Cada vez que oigo repetir que dos millones de catalanes no van a cambiar de opinión porque no se está haciendo ningún esfuerzo para recuperarlos, me pregunto qué esfuerzo de está haciendo para convencer a los más de dieciséis millones de españoles que votaron a partidos constitucionalistas en las últimas elecciones generales. Y cuyo número, según las encuestas, no ha cesado de crecer y probablemente alcanza ya los veinte millones.
No se puede negar que el nacionalismo catalán, y por ende el resto de los nacionalismos periféricos han perdido por culpa del separatismo buena parte de su atractivo y su glamour. El más perjudicado, sin duda, va a ser el catalanismo tardofranquista, los subscriptores de Serra d’Or, como los denomina Josep Maria Cortés en su excelente artículo que acaba de publicar en Crónica Global sobre la doble traición belga.
El nocivo efecto de este conflicto del absurdo, de una independencia impostada, recurrente y perjudicial para todos empezando por los propios independentistas, puede ser un retroceso no sólo en la descentralización política sino también en la cultural, lo cual es hasta más peligroso. A quién se le ocurriría ahora programar un concierto de Lluis Llach en Tenerife, donde por ejemplo tocó en época preconstitucional.
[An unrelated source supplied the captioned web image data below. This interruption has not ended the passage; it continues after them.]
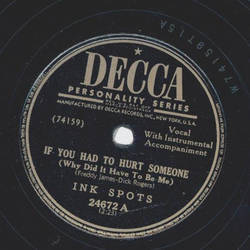 Ink Spots - If I had to hurt someone / To remind me of you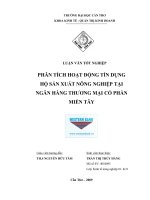 Luận văn tốt nghiệp phân tích hoạt động tín dụng hộ sản xuất nông nghiệp tại ngân hàng thương mại cổ phần miền tây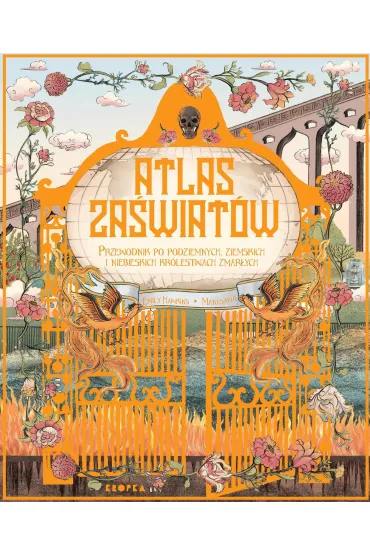 Atlas za�wiat�w. Przewodnik po podziemnych, ziemskich i niebieskich kr�lestwach zmar�ych - Emily Hawkins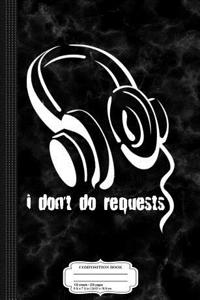 I Don't Do Requests Funny DJ Composition Notebook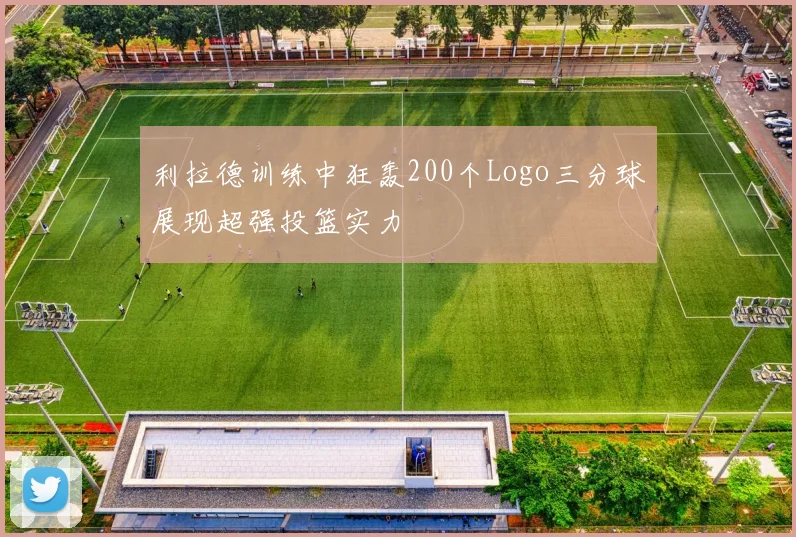 利拉德训练中狂轰200个Logo三分球展现超强投篮实力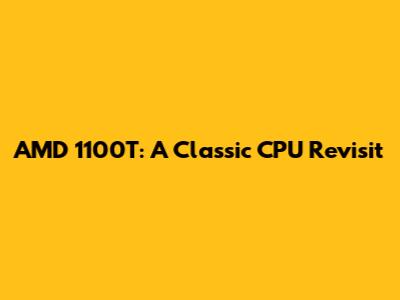 AMD 1100T: A Classic CPU Revisit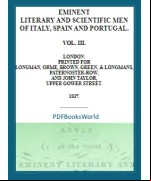 Eminent literary and scientific men of Italy, Spain, and Portugal. Vol. 3 (of 3)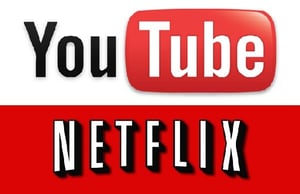YouTube and Netflix
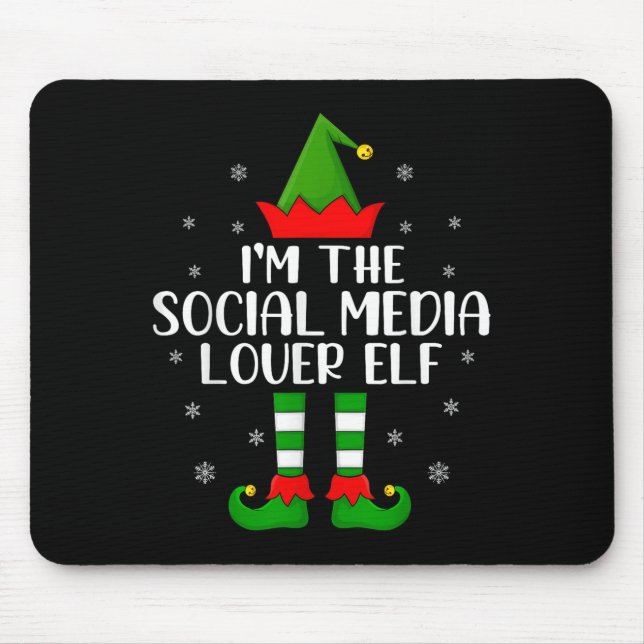 Matching Family I'm The Social Media Lover Elf Chr Mouse Pad (Front)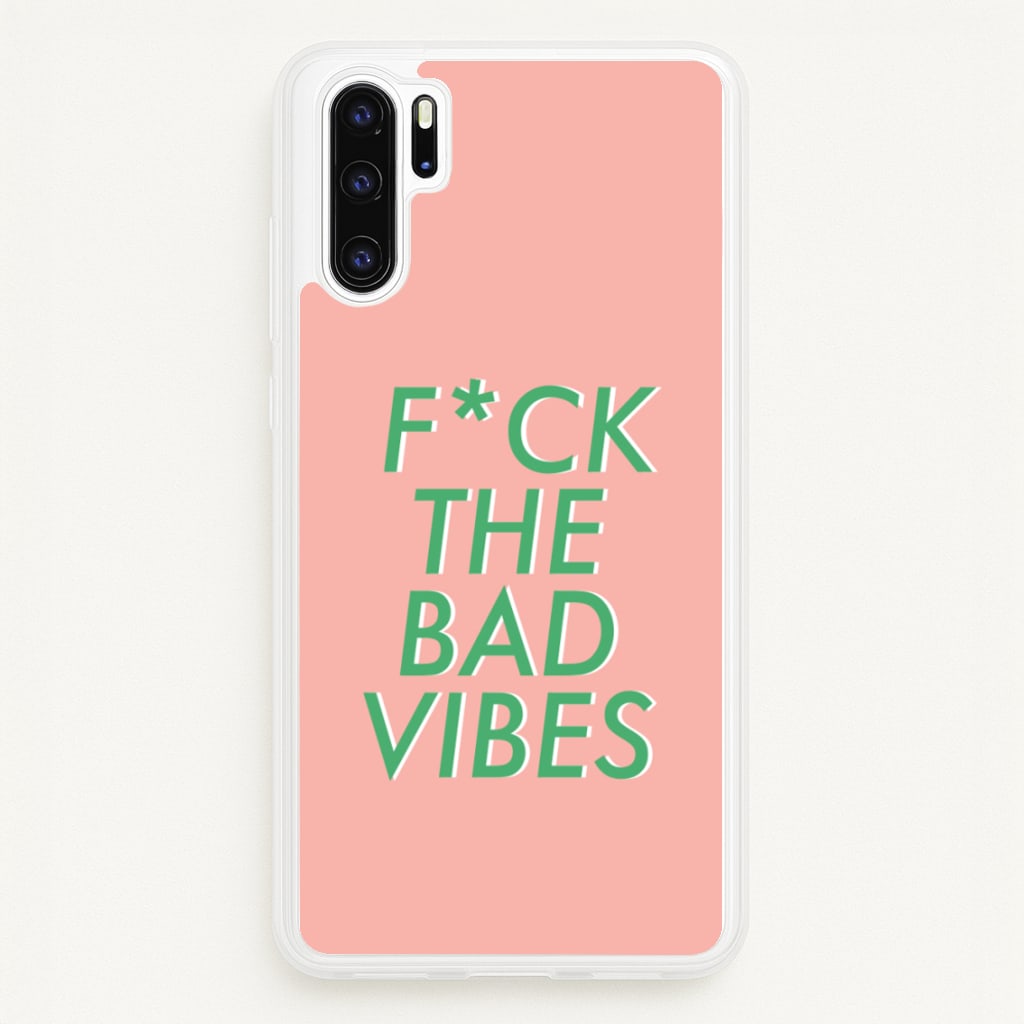 The Bad Vibes - Sassy Quotes - Sassy Quotes Phone Case for Huawei P30 Pro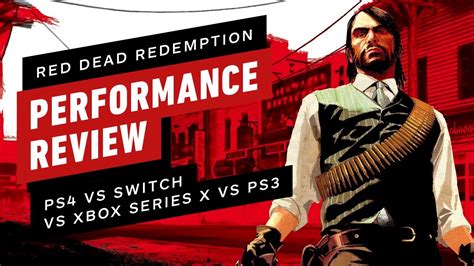 Red Dead Redemption Performance Review: Nintendo Switch vs .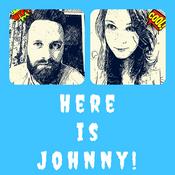 Podcast Here Is Johnny
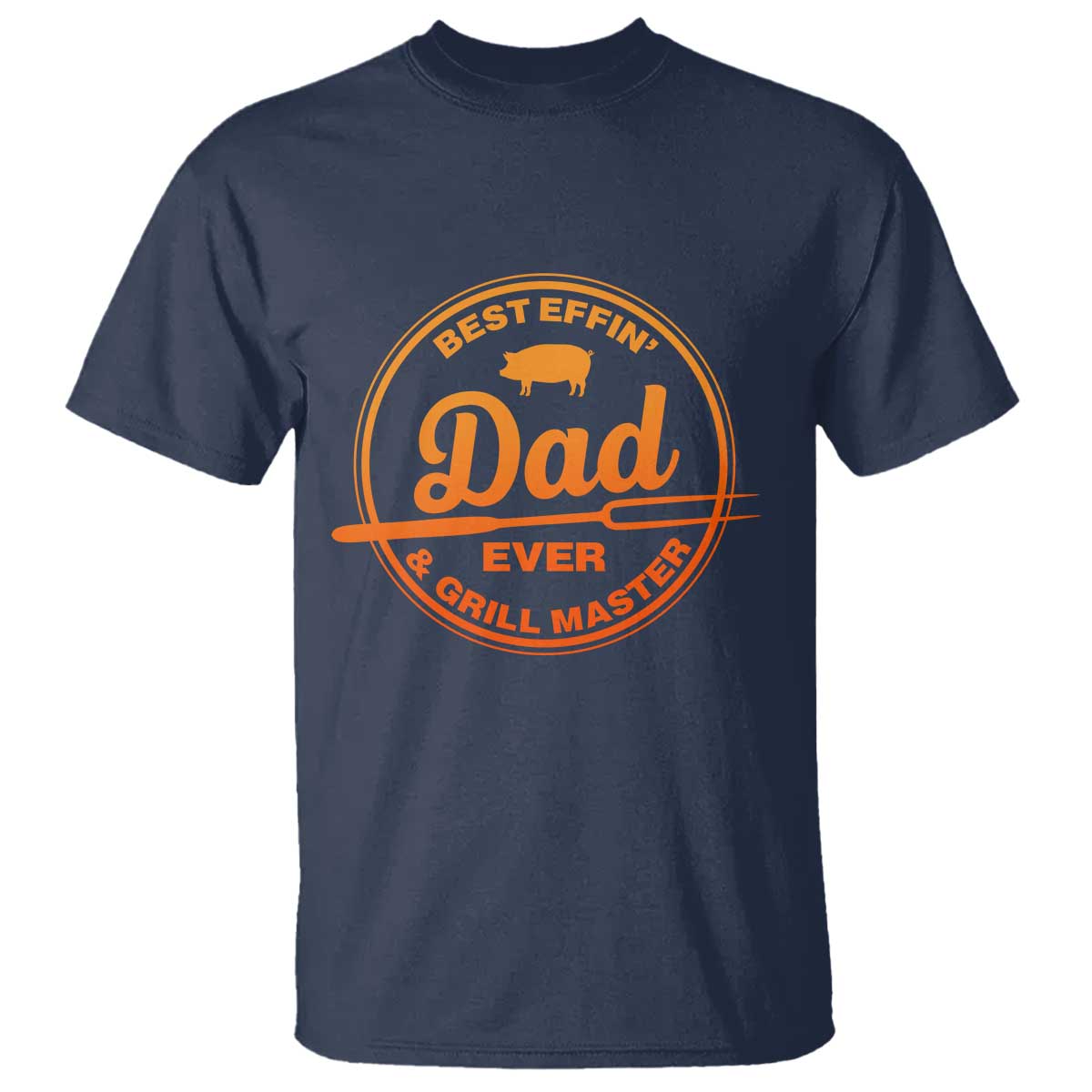 Best Effin Dad Ever And Grill Master T Shirt Funny Grilling BBQ Sarcastic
Por cierto, el diputado catalán más rico, con 9,8 millones de euros de patrimonio, que le aseguran que no va a pasar apuros para llegar a fin de mes con independencia o sin ella como nos pasa al resto de los mortales.
No sólo afecta a estos casos tan destacados y notorios sino también a representaciones culturales más modestas. Quién, sin ser independentista, se va a dejar engañar para ir, por ejemplo, al Festivern de Tavernes de la Valldigna para que le saquen banderas esteladas y le llamen opresor, torturador y no sé cuántas cosas más, como le pasó la última vez a una buena amiga mía.
Desgraciadamente, la radicalización de las posturas políticas se traslada a las culturales, impregnando de sectarismo casi cualquier acto cultural, cuando antes se podían disfrutar con naturalidad y neutralidad. Y esto puede suponer, lamentablemente, un retroceso en la aceptación general de cualquier elemento cultural en lenguas minoritarias.
Por eso, hago un humilde llamamiento a los artistas y agentes culturales en lenguas vernáculas para que instrospectivamente valoren si prefieren ser Serrat o Llach, Coixet o Rahola, etc. Y el mismo llamamiento, igual de humilde, hago a los constitucionalistas amantes de la diversidad cultural para que no colaboren en propagar el odio hacia las culturas minoritarias españolas.
Seamos culturalmente diversos; todos.